* Input data *
---

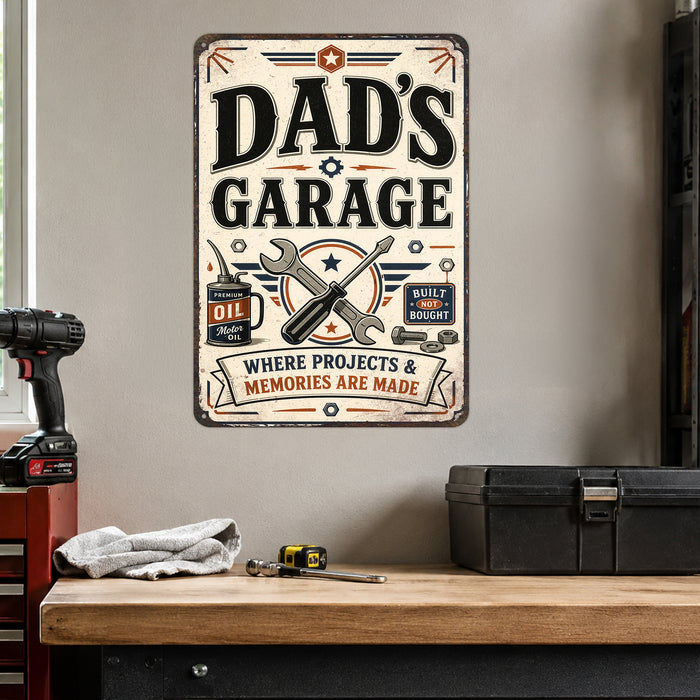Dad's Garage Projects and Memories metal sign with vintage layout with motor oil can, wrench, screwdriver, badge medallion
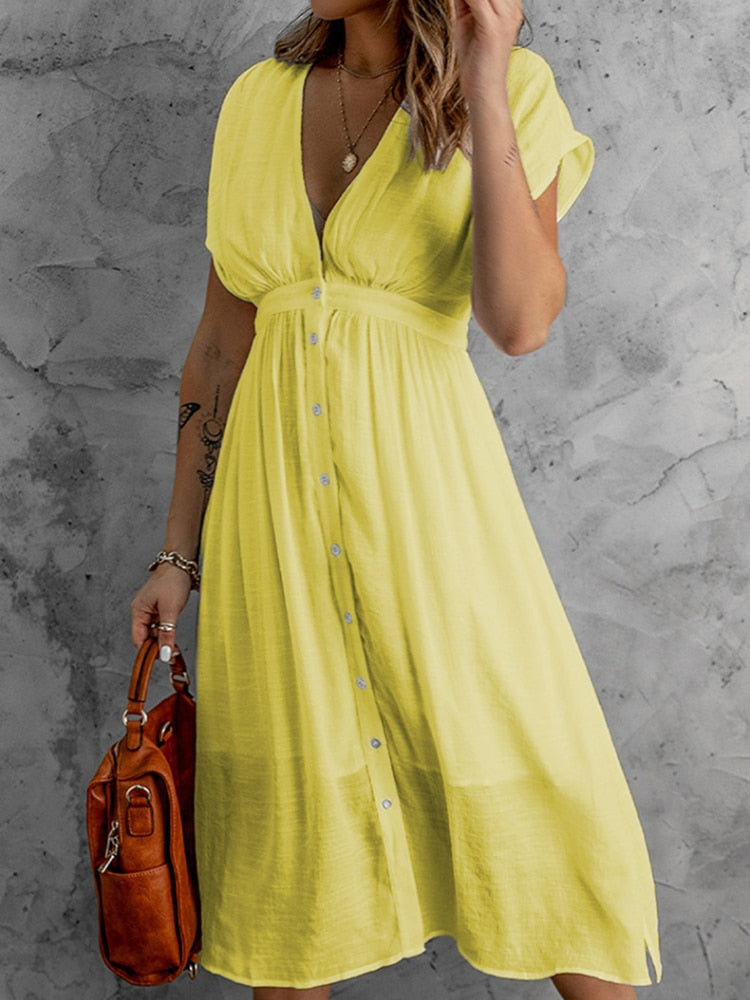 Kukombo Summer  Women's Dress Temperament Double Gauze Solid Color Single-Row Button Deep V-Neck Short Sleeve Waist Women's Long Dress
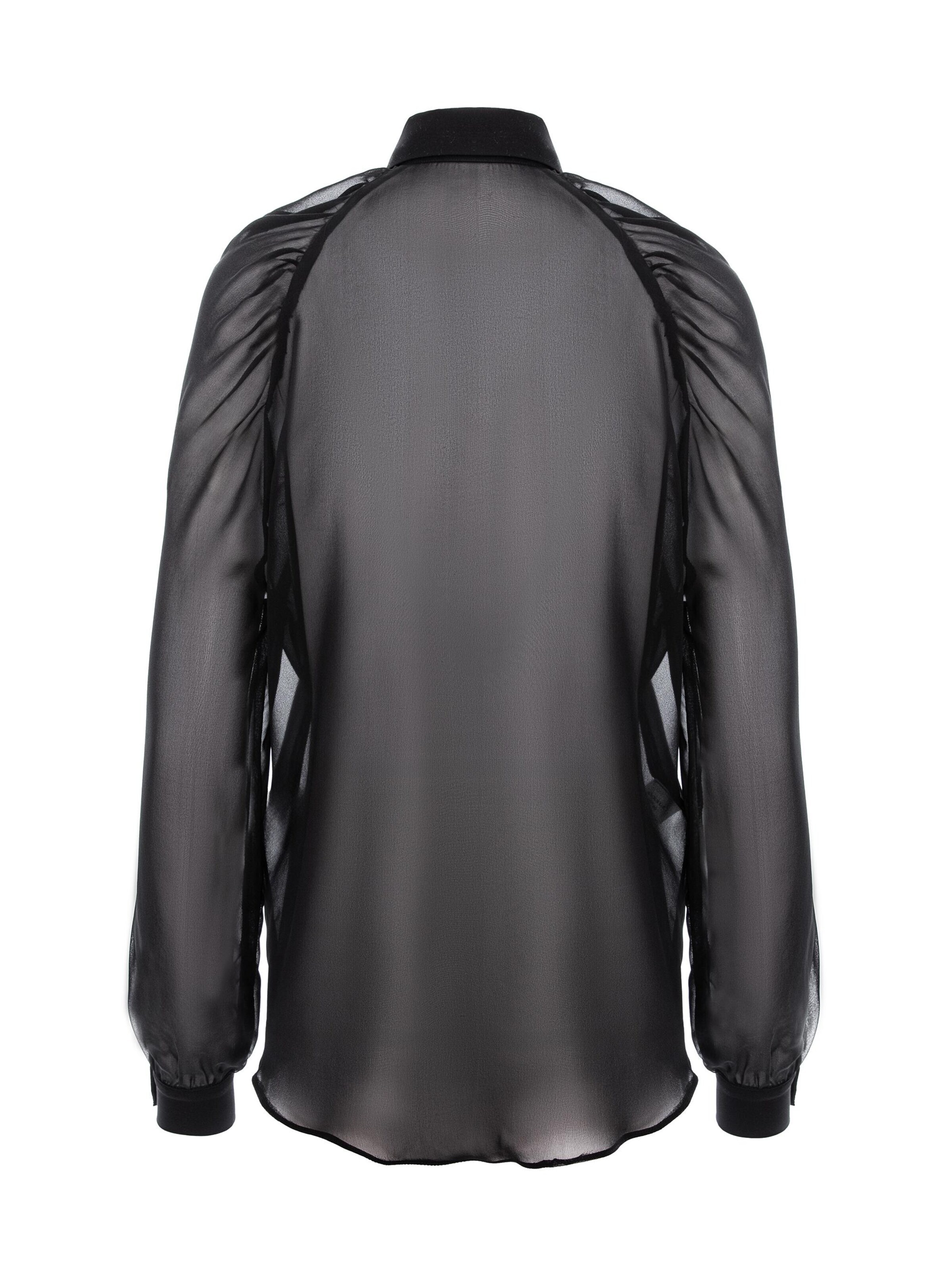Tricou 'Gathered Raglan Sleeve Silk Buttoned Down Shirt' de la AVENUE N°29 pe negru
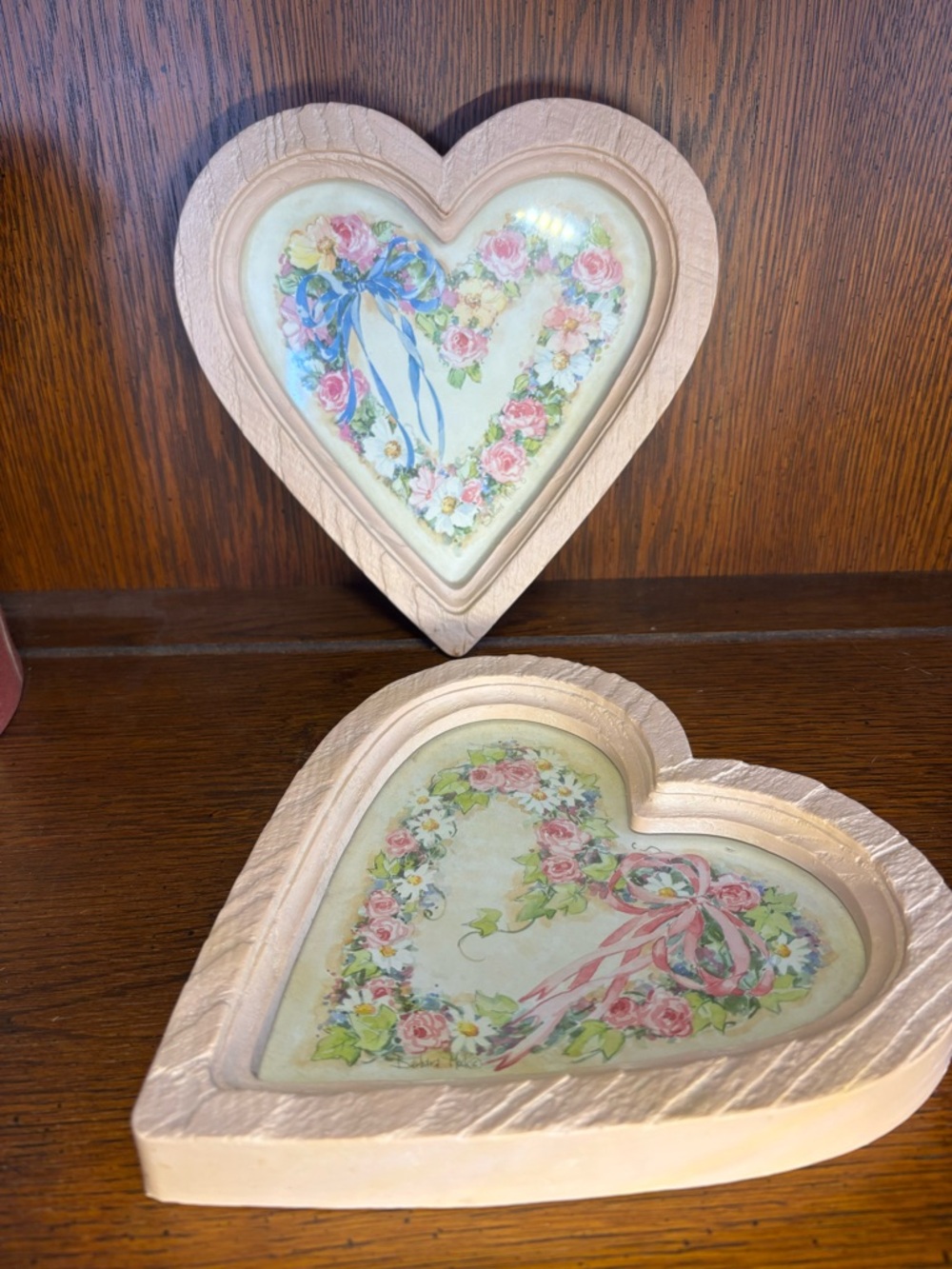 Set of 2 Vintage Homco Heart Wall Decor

---

* Problem details *
In the data above, find the line with "Women's Long Dress" and repeat it and every line after it through the end, exactly; leave the pictures out.

* Solution to the exercise *
 Kukombo Summer  Women's Dress Temperament Double Gauze Solid Color Single-Row Button Deep V-Neck Short Sleeve Waist Women's Long Dress
Tricou 'Gathered Raglan Sleeve Silk Buttoned Down Shirt' de la AVENUE N°29 pe negru
 Set of 2 Vintage Homco Heart Wall Decor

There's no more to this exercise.